Five years later, another “land for peace” experiment was run: Israelis withdrew from Gaza, territory taken from Egypt – not from Palestinians – in the defensive war of 1967. Before long Hamas and Fatah, its rival, led by Mr. Abbas, were embroiled in a brutal civil war there. Hamas won. Instead of providing Gazans with peace and prosperity, Hamas began launching missiles into Israel and, more recently, digging terrorist tunnels under Israeli villages and farms. Today, Hamas collaborates with the Islamic State, which is waging jihad against Egypt in Sinai, land Israel also seized in 1967 but returned to Egypt in exchange for a peace treaty.
This recent history is especially relevant now because President Obama is expected to refocus on the Israeli-Palestinian conflict after the November elections, during his final days in office. He has reportedly asked the State Department to come up with a list of options. Among them: “Obama parameters” that would replace the Clinton parameters, measures to discourage and/or punish those who support Israeli settlements beyond the 1949 armistice lines (which would give a boost to efforts to delegitimise Israel, notably the Boycott, Divest and Sanction, or BDS, campaign), and not vetoing a UN Security Council resolution that would recognise a Palestinian state.
Such a state would almost certainly fail. It would comprise two territories, one ruled by a designated terrorist entity, one by an 81-year-old politician with health problems who dares not hold elections and has prepared no succession plan. Neither Gaza nor the West Bank has viable political and economic institutions. Also important if generally unmentioned: Without Israeli security cooperation, the West Bank would be susceptible to a Hamas takeover.
Or worse: Absent Israel’s military presence in the West Bank, what would prevent those waging a genocidal jihad in Syria from infiltrating and soon slitting throats and dumping bodies into mass graves? The security assistance Israel quietly provides the Palestinian Authority (and Jordan as well) is essential. Does Mr. Obama have an alternative in mind? UN peacekeepers, perhaps?
Speaking of which: The raw bigotry and unmitigated hostility of the UN and its agencies toward Israel makes that institution incapable of facilitating a successful peace process. If Mr. Obama hadn’t realised that in the past, it should have dawned on him in mid-October when the executive board of UNESCO, the UN Educational, Scientific and Cultural Organisation, passed a resolution designating the most important religious sites in Jerusalem as holy to Muslims only – denying their older Jewish (and, by implication, Christian) connections. Russia and China, both members of the UN Security Council, voted for the resolution.

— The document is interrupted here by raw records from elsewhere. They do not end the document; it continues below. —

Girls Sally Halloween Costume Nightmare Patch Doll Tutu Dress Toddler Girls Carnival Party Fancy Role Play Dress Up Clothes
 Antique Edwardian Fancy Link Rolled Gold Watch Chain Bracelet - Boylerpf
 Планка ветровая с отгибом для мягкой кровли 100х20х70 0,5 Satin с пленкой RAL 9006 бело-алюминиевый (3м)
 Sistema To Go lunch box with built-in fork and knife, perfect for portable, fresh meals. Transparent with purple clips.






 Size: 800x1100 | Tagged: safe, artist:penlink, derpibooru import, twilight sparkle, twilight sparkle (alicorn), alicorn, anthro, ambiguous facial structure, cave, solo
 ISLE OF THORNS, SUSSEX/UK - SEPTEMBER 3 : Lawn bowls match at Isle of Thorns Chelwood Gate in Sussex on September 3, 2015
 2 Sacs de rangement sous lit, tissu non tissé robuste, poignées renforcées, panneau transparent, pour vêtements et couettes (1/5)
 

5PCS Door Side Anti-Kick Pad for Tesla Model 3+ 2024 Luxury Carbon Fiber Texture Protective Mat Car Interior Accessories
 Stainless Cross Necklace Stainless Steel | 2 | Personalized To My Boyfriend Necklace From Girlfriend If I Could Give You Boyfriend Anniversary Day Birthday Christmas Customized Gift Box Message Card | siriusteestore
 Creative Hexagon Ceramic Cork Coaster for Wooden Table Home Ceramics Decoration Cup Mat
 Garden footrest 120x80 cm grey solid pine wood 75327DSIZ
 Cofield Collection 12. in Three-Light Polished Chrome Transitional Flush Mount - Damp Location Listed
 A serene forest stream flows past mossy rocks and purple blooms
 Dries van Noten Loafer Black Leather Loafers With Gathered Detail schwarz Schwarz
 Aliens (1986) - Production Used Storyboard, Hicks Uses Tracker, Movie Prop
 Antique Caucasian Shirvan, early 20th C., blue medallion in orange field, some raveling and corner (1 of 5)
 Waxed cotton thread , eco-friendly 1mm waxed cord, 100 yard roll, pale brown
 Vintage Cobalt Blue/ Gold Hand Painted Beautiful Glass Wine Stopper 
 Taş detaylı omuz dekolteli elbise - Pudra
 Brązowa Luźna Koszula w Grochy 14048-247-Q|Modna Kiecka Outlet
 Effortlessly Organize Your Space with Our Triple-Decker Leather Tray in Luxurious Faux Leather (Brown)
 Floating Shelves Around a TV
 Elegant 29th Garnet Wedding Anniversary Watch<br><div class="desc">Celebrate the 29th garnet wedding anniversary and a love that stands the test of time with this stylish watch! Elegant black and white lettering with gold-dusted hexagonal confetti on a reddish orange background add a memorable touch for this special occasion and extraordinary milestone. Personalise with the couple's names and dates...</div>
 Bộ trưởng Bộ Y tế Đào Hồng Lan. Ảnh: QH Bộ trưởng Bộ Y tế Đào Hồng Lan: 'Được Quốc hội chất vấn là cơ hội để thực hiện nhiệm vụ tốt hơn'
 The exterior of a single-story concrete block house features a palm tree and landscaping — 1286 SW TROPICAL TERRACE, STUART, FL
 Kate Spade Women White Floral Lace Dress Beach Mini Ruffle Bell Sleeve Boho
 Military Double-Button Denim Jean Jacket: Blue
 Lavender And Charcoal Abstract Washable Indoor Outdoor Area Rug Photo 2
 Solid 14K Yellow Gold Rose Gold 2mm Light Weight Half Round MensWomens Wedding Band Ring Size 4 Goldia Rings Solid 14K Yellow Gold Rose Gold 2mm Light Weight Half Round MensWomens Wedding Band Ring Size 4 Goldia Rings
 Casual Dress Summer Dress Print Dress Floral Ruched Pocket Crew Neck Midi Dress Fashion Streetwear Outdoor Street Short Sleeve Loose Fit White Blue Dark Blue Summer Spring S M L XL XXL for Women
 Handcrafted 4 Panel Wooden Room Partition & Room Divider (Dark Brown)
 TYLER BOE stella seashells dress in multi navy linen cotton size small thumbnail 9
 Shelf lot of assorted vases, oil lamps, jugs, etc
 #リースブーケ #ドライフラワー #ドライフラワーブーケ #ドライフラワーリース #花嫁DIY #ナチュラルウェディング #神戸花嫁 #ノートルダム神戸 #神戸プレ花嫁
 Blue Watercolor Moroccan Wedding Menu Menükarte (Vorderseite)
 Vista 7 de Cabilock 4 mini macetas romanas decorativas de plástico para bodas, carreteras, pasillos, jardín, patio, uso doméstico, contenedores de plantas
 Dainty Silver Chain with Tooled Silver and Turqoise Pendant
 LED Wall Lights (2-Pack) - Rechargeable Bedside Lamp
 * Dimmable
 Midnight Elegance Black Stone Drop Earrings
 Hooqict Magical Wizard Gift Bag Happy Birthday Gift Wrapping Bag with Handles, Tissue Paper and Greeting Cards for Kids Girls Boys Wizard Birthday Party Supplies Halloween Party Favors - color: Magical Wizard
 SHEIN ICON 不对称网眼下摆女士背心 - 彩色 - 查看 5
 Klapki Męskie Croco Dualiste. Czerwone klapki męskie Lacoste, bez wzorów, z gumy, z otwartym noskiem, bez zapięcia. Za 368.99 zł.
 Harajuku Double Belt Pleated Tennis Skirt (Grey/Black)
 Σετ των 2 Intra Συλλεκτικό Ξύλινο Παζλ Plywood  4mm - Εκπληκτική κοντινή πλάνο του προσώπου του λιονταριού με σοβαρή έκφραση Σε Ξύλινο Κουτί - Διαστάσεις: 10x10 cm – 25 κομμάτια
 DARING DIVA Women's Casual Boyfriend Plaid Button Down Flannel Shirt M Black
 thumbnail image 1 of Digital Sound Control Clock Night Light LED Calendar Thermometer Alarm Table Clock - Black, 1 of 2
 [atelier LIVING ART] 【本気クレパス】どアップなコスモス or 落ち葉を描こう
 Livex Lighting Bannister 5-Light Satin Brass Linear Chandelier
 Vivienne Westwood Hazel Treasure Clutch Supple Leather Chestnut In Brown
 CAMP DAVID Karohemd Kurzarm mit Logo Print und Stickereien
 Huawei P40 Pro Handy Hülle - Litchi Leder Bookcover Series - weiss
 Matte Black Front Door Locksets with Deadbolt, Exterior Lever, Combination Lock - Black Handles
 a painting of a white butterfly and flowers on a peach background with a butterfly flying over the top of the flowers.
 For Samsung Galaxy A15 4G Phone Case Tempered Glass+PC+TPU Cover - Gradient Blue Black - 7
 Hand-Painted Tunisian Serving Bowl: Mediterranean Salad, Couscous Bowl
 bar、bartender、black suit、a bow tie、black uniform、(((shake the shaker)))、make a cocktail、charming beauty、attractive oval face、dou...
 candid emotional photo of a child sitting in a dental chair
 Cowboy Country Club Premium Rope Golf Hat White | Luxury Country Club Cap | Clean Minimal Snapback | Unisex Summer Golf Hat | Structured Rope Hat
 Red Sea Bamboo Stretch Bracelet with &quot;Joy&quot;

A letter signed by 39 US legislators, Republicans and Democrats, denounced the resolution as further evidence of the UN’s “obsessive hostility towards Israel.” UNESCO’s own Director General, Irina Bokova, criticised the vote, saying: “Jerusalem is the sacred city of the three monotheistic religions – Judaism, Christianity and Islam. To deny, conceal or erase any of the Jewish, Christian or Muslim traditions undermines the integrity of the site.” The State Department registered “deep concern.”
If Donald Trump should be elected president, Mr. Obama will do what he can to limit his policy choices on a range of issues. I get that. But if Hillary Clinton is the next occupant of the White House, he’ll be doing his former Secretary of State an enormous disservice by tying her hands.
What’s more, the perception will be widespread that she agrees with Mr. Obama’s approach – or lacks the strength to dissuade him. Israelis will see her not as they saw Bill Clinton – an honest broker – but as the third term of a President who has helped make the Middle East a bloodier place and is all too eager to put their lives on the line in pursuit of the commodity he now seems to prize most: a legacy.